Uno con otras tantas de “La Paloma”; los calipsos que cantó con mucha gracia el actor Robert Mitchum; la narración, en la extraordinaria voz de su director Charles Laughton, de La noche del cazador, junto con fragmentos de su banda sonora.
 Canciones sicilianas nostálgico-siniestras, música irlandesa en la admirable voz de Tommy Makem. 
El breve “Carillon des morts” de Corrette. El CD de Telemann que de hecho oía cuando tuvo lugar la avería, interpretado por mi sobrino Alejandro Marías (violonchelo) y mi hermano Álvaro (flauta), entre otros… No han sido los únicos músicos de mi familia.
 Mi tío Odón Alonso fue director de orquesta
 Mi tío Enrique Franco fue crítico en la radio y en EL PAÍS hasta su muerte.
 La música, supongo, ha estado presente en mi vida desde siempre, quizá por eso la echo tanto en falta. Al cabo de unas semanas de abstinencia, me di cuenta de que silbaba y tarareaba mucho más de lo que suelo: si está uno privado de melodías, las reproduce como puede. 
Y entonces caí en que esas dos actividades, silbar y tararear, eran frecuentísimas en mi infancia y adolescencia, mientras que ahora están casi desaparecidas. 
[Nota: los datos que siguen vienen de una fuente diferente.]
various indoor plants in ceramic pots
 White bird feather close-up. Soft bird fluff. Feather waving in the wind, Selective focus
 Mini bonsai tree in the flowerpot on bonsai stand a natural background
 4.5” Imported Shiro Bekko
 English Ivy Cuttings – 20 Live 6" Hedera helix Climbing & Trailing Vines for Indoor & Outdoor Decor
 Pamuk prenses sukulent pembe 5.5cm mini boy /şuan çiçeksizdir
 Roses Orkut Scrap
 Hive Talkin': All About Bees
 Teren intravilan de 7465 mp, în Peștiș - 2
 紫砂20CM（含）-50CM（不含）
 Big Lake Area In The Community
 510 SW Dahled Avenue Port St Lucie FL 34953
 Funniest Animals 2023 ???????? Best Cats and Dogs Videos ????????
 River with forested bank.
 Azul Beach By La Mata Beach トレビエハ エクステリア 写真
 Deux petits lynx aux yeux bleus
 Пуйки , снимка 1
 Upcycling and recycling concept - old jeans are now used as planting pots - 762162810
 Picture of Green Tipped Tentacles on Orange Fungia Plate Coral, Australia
Uno oía silbar a los hombres por la calle (todos se conocían la propia “Solo ante el peligro”, por ejemplo, y “El puente sobre el río Kwai”, entre otras muchas), y canturrear a las mujeres mientras se arreglaban o atendían sus quehaceres.
 Tal vez por eso los españoles sabían entonar y no desafinaban en exceso, a diferencia de lo que hoy ocurre. 
No había música por doquier (a menudo indeseada y atronadora, como la que invade las calles desde las tiendas), y no se creía, como creen los famosos concursantes, que cantar bien consiste en vocear a pleno pulmón y con espantosas “rúbricas”. 
No solemos acordarnos de que a lo largo de la historia la humanidad sólo oía música cuando alguien —rara vez— se la tocaba, o cuando ella la reproducía con sus voces y sus silbidos. Hasta que uno la pierde, no repara en nuestra inmensa suerte de haber nacido en esta época, en la que uno elige qué y cuándo, y milagrosamente lo oye.